Optimizing Soil pH for Top Yields With Elemental Sulfur Fertilizer
Better start. Better harvest.
What’s the blueprint for top yield and quality every year?
It all starts with the soil, say experts, and right across North America elemental sulfur has a critical role to play.
While regular application of elemental sulfur as a soil amendment often doesn’t get the attention it deserves, producers, agronomists, and custom fertilizer applicators in the know understand it’s a game changer for better results and higher profitability.
The reason is simple: agricultural land can have a soil pH level that is too high and, as a result, is sub-optimal for crop growth. Left untreated, this becomes a hidden cost – a major limiting factor preventing crops from reaching their highest potential.
Elemental sulfur fertilizer is uniquely suited as a tool to amend soils by bringing alkaline soils back down to a more desirable acidic pH – with elemental bentonite S fertilizer typically being the most economical, reliable, and easy-to-manage option.
Soil pH 101.
The pH scale goes from 0 to 14, and the midpoint, 7.0, is neutral. Values below 7 are increasingly acidic, and values above 7 are increasingly alkaline. Crops generally require a soil pH between 5.5 and 7 for healthy growth. A pH of 6 to 7 is considered ideal for most plants because there is optimum availability of essential plant nutrients in this range.
Certain crops prefer acidic soils (4.0-5.5 pH). This includes potatoes, parsley, peanuts, tobacco, raspberries, blueberries, and blackberries. Others, such as cauliflower, pepper, and several members of the squash family, excel in slightly acidic soils (5.5-6.5).
How alkaline soils negatively impact crops.
When soil pH is above 7 many key crop nutrients, including nitrogen, phosphate, copper, iron, zinc, magnesium, and boron become chemically tied up and less available for crops to absorb. The result is less fuel for plant growth meaning yield and quality cannot reach their full potential.
Oilseed crops (particularly canola) and forage crops have a higher S requirement than cereal crops. However, many additional crops, including cereals, are negatively impacted at a significant economic level by alkaline and/or sulfur deficient soils.
Where in North America is soil pH a particular concern?

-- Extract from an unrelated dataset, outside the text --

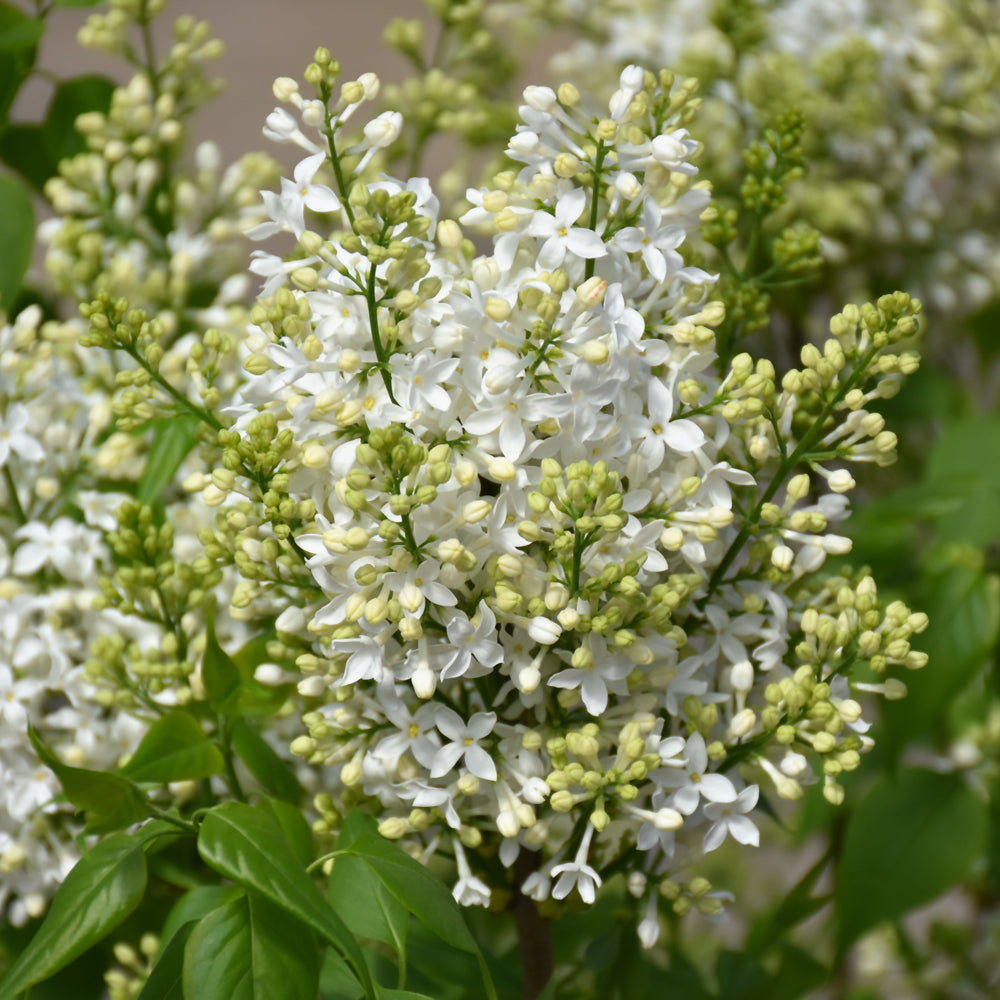 Syringa x hyacinthiflora 'Mount Baker'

Across key growing regions of the US and Canada, there typically are significant areas with high pH (above 7.0). In America, alkaline soils are common in California, Washington State, Texas, Montana, and Idaho. In Canada, median soil pH levels tend to be higher in Saskatchewan and Manitoba.

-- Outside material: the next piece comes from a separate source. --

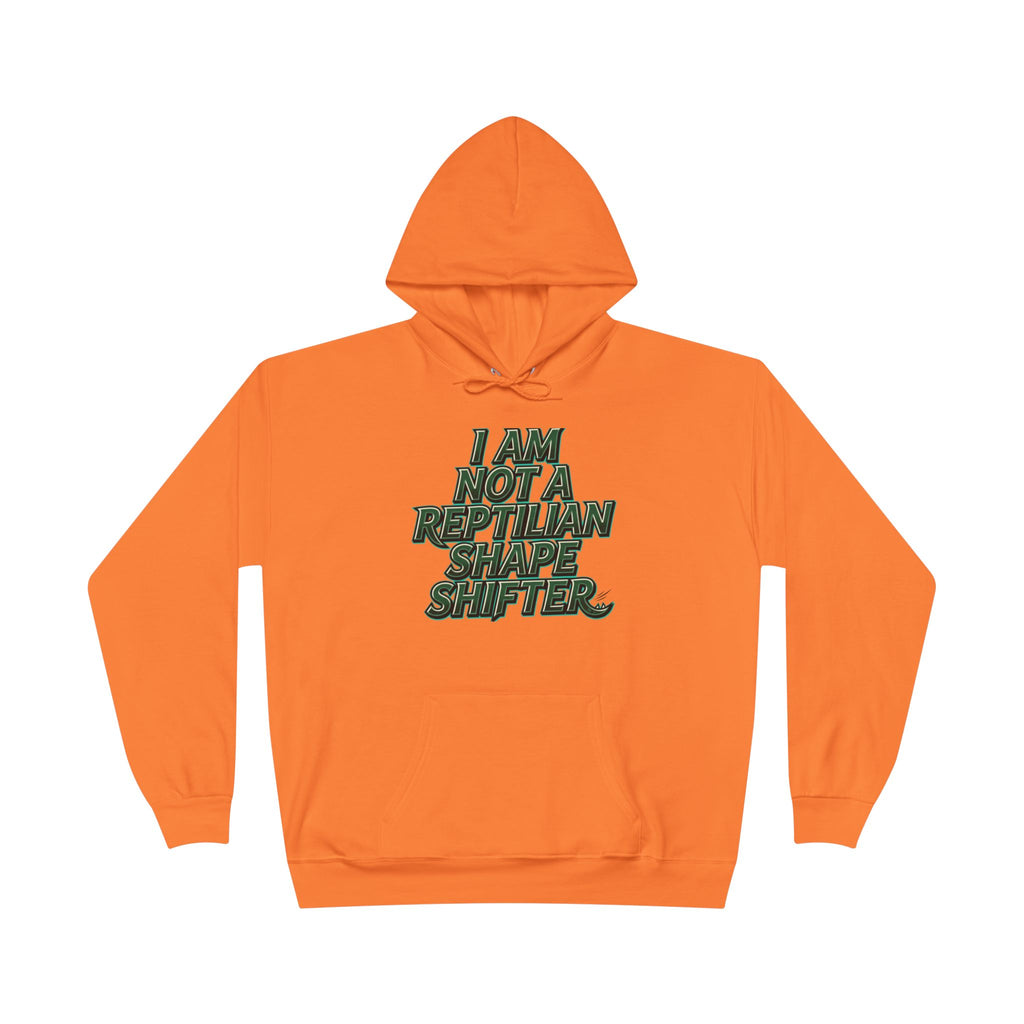 I Am Not A Reptilian Shape Shifter Hoodie – Statement Graphic Pullover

Advantages of amending soil pH with bentonite sulfur fertilizer
1. It is extremely economical.
Elemental sulfur is one of the lowest-cost fertilizers on the market. With its high analysis (typically 90% S), bentonite sulfur fertilizers provide ample amounts of sulfur needed to lower pH to the desired level. Typically, a field amendment to lower pH using elemental sulfur will involve applying around 1 to 2 tons of elemental sulfur per acre.

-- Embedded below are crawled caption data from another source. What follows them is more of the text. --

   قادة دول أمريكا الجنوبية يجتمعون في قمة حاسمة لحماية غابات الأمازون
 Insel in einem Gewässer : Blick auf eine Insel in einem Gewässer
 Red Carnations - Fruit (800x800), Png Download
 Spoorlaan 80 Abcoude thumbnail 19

That said, not all bentonite sulfur fertilizers are created equally. Those made with superior clays will provide more consistent degradability, ensuring the soil and subsequent crops get the sulfur they need. Pastilles made with inferior clay may never fully degrade, meaning you’re paying for sulfur that’s not being used.
2. Bentonite elemental sulfur fertilizers are effective and easy to manage.
Fertilizers made with elemental sulfur and bentonite clay are highly effective and easy to manage. Generally, it’s as simple as broadcasting the sulfur pastilles and incorporating them at a later date.
As they sit on the surface, precipitation and weather will cause the pastilles to swell, which in turn breaks down the sulfur into fine particles required for effective oxidation. At this point, incorporation is recommended.
Note: If you incorporate raw pastilles immediately after application, you will limit dispersion. The bentonite-sulphur will still degrade/disintegrate underground when activated by water, but the individual pastille is described as more “encapsulated.”
As an aside, higher-quality bentonite sulfur fertilizers are formulated to minimize dust for better, safer handling.
3. Slow and steady breakdown wins the race.
With elemental bentonite S fertilizer – the slow and steady breakdown that results throughout the growing season is ideal for keeping soil pH at the desired level, supporting consistency in the pH target zone. The application timing and slow release of elemental sulfur also means no leaching and strong crop safety.
It does require a small degree of planning, as applied elemental sulfur takes time to break down and impact[DN3] soil pH and sulfur availability. Similar to lime (which is used to raise pH), it may take up to two years for the amendment to deliver the desired results.
Lock in your crop’s full potential
As a farmer or advisor recommending fertility solutions, everything that’s been invested in the crop year – seed, inputs, equipment, countless hours and more – can be undermined if the soil pH isn’t right. Therefore, understanding soil pH and the most effective amendment strategy isn’t just smart farming but also sound risk management.
Elemental sulfur can provide you with an invaluable insurance policy – keeping your soils on track to give your crop the best nurturing environment it needs for success. It’s an investment that can pay off handsomely every harvest.